◆ What you should do: Since the data must remain as supplied, reproduce it word for word.

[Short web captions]
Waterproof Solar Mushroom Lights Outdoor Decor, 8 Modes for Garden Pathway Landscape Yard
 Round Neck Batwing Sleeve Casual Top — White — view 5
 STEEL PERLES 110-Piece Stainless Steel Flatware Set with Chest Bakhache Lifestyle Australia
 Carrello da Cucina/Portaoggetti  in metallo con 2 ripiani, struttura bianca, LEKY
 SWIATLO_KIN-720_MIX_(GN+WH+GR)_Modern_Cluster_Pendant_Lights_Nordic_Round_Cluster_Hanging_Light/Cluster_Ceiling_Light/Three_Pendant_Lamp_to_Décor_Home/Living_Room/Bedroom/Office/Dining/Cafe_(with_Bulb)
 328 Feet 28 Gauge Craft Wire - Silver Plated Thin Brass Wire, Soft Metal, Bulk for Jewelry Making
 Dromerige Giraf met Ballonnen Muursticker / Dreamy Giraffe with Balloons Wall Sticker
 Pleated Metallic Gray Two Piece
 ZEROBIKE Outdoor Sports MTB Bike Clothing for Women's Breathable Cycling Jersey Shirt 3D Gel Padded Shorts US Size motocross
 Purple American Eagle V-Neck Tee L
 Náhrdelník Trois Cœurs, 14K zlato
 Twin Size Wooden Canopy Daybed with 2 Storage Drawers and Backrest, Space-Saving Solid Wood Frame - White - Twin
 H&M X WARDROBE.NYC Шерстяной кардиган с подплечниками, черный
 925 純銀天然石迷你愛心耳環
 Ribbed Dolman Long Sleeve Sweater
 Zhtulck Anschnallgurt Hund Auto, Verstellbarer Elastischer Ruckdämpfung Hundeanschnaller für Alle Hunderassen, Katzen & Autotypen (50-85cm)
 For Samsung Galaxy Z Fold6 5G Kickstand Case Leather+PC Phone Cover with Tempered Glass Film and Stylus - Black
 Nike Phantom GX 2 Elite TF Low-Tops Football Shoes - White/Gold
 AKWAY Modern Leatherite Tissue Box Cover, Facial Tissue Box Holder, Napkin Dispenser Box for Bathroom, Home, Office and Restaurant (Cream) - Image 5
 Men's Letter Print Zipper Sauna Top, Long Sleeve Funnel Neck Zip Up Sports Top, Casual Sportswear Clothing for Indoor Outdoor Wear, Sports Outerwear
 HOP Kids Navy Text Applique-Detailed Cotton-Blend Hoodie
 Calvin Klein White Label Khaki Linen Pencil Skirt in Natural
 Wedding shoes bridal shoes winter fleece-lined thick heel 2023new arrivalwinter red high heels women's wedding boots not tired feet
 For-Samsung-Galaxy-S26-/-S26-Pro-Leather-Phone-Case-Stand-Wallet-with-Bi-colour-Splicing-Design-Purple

◆ Completed task:
Waterproof Solar Mushroom Lights Outdoor Decor, 8 Modes for Garden Pathway Landscape Yard
 Round Neck Batwing Sleeve Casual Top — White — view 5
 STEEL PERLES 110-Piece Stainless Steel Flatware Set with Chest Bakhache Lifestyle Australia
 Carrello da Cucina/Portaoggetti  in metallo con 2 ripiani, struttura bianca, LEKY
 SWIATLO_KIN-720_MIX_(GN+WH+GR)_Modern_Cluster_Pendant_Lights_Nordic_Round_Cluster_Hanging_Light/Cluster_Ceiling_Light/Three_Pendant_Lamp_to_Décor_Home/Living_Room/Bedroom/Office/Dining/Cafe_(with_Bulb)
 328 Feet 28 Gauge Craft Wire - Silver Plated Thin Brass Wire, Soft Metal, Bulk for Jewelry Making
 Dromerige Giraf met Ballonnen Muursticker / Dreamy Giraffe with Balloons Wall Sticker
 Pleated Metallic Gray Two Piece
 ZEROBIKE Outdoor Sports MTB Bike Clothing for Women's Breathable Cycling Jersey Shirt 3D Gel Padded Shorts US Size motocross
 Purple American Eagle V-Neck Tee L
 Náhrdelník Trois Cœurs, 14K zlato
 Twin Size Wooden Canopy Daybed with 2 Storage Drawers and Backrest, Space-Saving Solid Wood Frame - White - Twin
 H&M X WARDROBE.NYC Шерстяной кардиган с подплечниками, черный
 925 純銀天然石迷你愛心耳環
 Ribbed Dolman Long Sleeve Sweater
 Zhtulck Anschnallgurt Hund Auto, Verstellbarer Elastischer Ruckdämpfung Hundeanschnaller für Alle Hunderassen, Katzen & Autotypen (50-85cm)
 For Samsung Galaxy Z Fold6 5G Kickstand Case Leather+PC Phone Cover with Tempered Glass Film and Stylus - Black
 Nike Phantom GX 2 Elite TF Low-Tops Football Shoes - White/Gold
 AKWAY Modern Leatherite Tissue Box Cover, Facial Tissue Box Holder, Napkin Dispenser Box for Bathroom, Home, Office and Restaurant (Cream) - Image 5
 Men's Letter Print Zipper Sauna Top, Long Sleeve Funnel Neck Zip Up Sports Top, Casual Sportswear Clothing for Indoor Outdoor Wear, Sports Outerwear
 HOP Kids Navy Text Applique-Detailed Cotton-Blend Hoodie
 Calvin Klein White Label Khaki Linen Pencil Skirt in Natural
 Wedding shoes bridal shoes winter fleece-lined thick heel 2023new arrivalwinter red high heels women's wedding boots not tired feet
 For-Samsung-Galaxy-S26-/-S26-Pro-Leather-Phone-Case-Stand-Wallet-with-Bi-colour-Splicing-Design-Purple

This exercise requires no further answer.